■ Task details:
Of the lines listed below, return exactly those that run from the line containing "NCA officers during" through the line containing "A section of", both included.

######

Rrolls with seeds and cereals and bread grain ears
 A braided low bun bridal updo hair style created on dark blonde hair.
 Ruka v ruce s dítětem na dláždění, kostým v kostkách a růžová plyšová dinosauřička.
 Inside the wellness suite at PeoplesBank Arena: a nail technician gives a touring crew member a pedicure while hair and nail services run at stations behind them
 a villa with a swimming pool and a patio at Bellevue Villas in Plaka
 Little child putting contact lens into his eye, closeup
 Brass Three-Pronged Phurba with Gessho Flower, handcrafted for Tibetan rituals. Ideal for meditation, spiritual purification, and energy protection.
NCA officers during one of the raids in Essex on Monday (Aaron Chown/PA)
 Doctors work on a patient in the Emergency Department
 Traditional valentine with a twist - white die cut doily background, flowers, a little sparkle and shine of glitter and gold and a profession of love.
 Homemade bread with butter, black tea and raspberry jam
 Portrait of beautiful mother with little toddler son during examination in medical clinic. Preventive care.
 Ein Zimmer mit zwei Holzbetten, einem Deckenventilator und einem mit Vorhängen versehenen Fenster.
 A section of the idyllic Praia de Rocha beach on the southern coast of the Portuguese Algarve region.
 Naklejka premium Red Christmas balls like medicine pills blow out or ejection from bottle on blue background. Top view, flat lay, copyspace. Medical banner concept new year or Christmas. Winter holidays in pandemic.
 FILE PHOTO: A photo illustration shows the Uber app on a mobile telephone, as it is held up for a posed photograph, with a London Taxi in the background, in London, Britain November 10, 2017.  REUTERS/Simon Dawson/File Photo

######

■ Reply:
NCA officers during one of the raids in Essex on Monday (Aaron Chown/PA)
 Doctors work on a patient in the Emergency Department
 Traditional valentine with a twist - white die cut doily background, flowers, a little sparkle and shine of glitter and gold and a profession of love.
 Homemade bread with butter, black tea and raspberry jam
 Portrait of beautiful mother with little toddler son during examination in medical clinic. Preventive care.
 Ein Zimmer mit zwei Holzbetten, einem Deckenventilator und einem mit Vorhängen versehenen Fenster.
 A section of the idyllic Praia de Rocha beach on the southern coast of the Portuguese Algarve region.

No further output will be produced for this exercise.